I find myself lucky to get the spanish magazine Patrones translated in french ('Couture Actuelle' in its french version) each month at my bookstore nearby. Dress #27 from Patrones no 382 caught my eye for its simplicity and ease of wear - which sums up my idea of summer dressing!




My fabric:

I chose for this dress a wonderful plaid cotton shirting from Ralph Lauren that FM had recently (it sold out quickly!).  I just love the colours (aren't they a bit vintage?) and the slightly crinkled texture (that you might see if you enlarge the pictures). It also sewed and pressed like a dream, and even made the plaid matching easy peasy! That fabric is not available anymore, but any 100% cotton shirting would be perfect for a dress like that. I'd recommend this one if you'd like to achieve a similar look, and also this one.

The pattern:

Dress #27 is presented in sizes 38-42-46 (spanish sizing), and I made a size 38 which is the closest to my measurements - the dress is not fitted anyway. I has a front and back bodice piece, and a slightly A line skirt piece which is the same for the front and the back.

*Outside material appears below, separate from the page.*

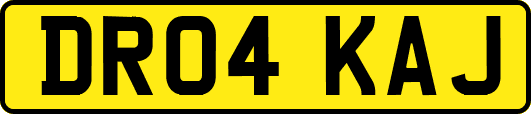 DR04KAJ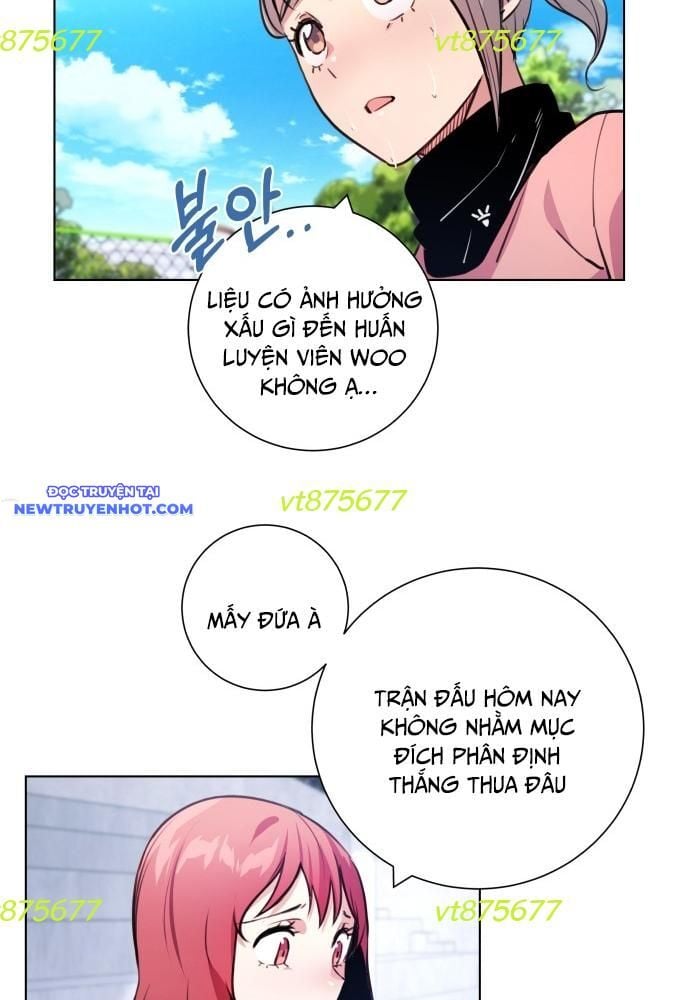 Góc Cao Khung Thành: Chapter 123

It also has pockets inserted in the side seams but I didn't use them.

A quick muslin revealed some differences from the dress picture. First it wasn't mini but more knee length, the front neckline was excessively high, the waist ties were wider, and the sleeve ruffles didn't hang in the same way! Also, the back bodice piece was 1/4'' narrower than the front at the side seams, which is odd... usually it's the front that is smaller than the back. I corrected that to make it the same size as the front.

The pattern is very simple, so it was easy to make adjustments and customize my version:

1- I omitted the sleeve ruffles which looked odd on me
2- I lowered the front neckline by 1 3/8'' and finished the neckline with a bias binding
3- Finished the interior of the sleeves with a bias binding for a nice touch
4- Cut the skirt ruffle on the bias for visual interest, and shortened it by 2 1/2'' as I liked the effect, and finished the edge with a narrow rolled hem on the serger
5- Chopped off some length from the waist ties as they were too long




Back view


 My second make was the Bridget Top from Designer Stitch.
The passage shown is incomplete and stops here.